Open Information Extraction
Description: 500 sentences sampled from the Web, using Yahoo’s random link service.
Three different datasets. First, the Reverb dataset consists of 500 sentences with manually labeled extractions. The sentences have been obtained via the random-link service of Yahoo and are generally very noisy. Second, 200 random sentences from Wikipedia pages. These sentences are shorter, simpler, and less noisy than those of the Reverb dataset. Since some Wikipedia articles are written by non-native speakers, however, the Wikipedia sentences do contain some incorrect grammatical constructions. Third, 200 random sentences from the New York Times collection these sentences are generally very clean but tend to be long and complex.
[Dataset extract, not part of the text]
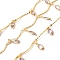Handmade Brass Link Chain, with Glass Beads, Soldered, with Spool, Horse Eye, Real 18K Gold Plated, 3.5x2.5x0.3mm and 18x3x1mm, about 16.40 Feet(5m)/Roll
Effectiveness and Efficiency of Open Relation Extraction
Description: WEB-500 is a commonly used dataset, developed for the TextRunner experiments (Banko and Etzioni, 2008). These sentences are often incomplete and grammatically unsound, representing the challenges of dealing with web text. NYT-500 represents the other end of the spectrum with formal, well written new stories from the New York Times Corpus (Sandhaus, 2008). PENN-100 contains sentences from the Penn Treebank recently used in an evaluation of the TreeKernel method (Xu et al., 2013). We manually annotated the relations for WEB-500 and NYT-500 and use the PENN-100 annotations provided by TreeKernel’s authors (Xu et al., 2013).
Extracting Relation descriptors with Conditional Random Fields
Description: New York Times data set contains 150 business articles from New York Times. The articles were crawled from the NYT website between November 2009 and January 2010. After sentence splitting and tokenization, we used the Stanford NER tagger (URL: http://nlp.stanford.edu/ner/index.shtml) to identify PER and ORG named entities from each sentence. For named entities that contain multiple tokens we concatenated them into a single token. We then took each pair of (PER, ORG) entities that occur in the same sentence as a single candidate relation instance, where the PER entity is treated as ARG-1 and the ORG entity is treated as ARG-2.
Wikipedia data was previously created by Aron Culotta et al.. Since the original data set did not contain the annotation information we need, we re-annotated it. Similarly, we performed sentence splitting, tokenization and NER tagging, and took pairs of (PER, PER) entities occurring in the same sentence as a candidate relation instance. We always treat the first PER entity as ARG-1 and the second PER entity as ARG-2.
Distant Supervision for Relation Extraction
Description: The NYT dataset is a widely used dataset on distantly supervisied relation extraction task. This dataset was generated by aligning freebase relations with the New York Times (NYT) corpus, with sentences from the years 2005-2006 used as the training corpus and sentences from 2007 used as the testing corpus.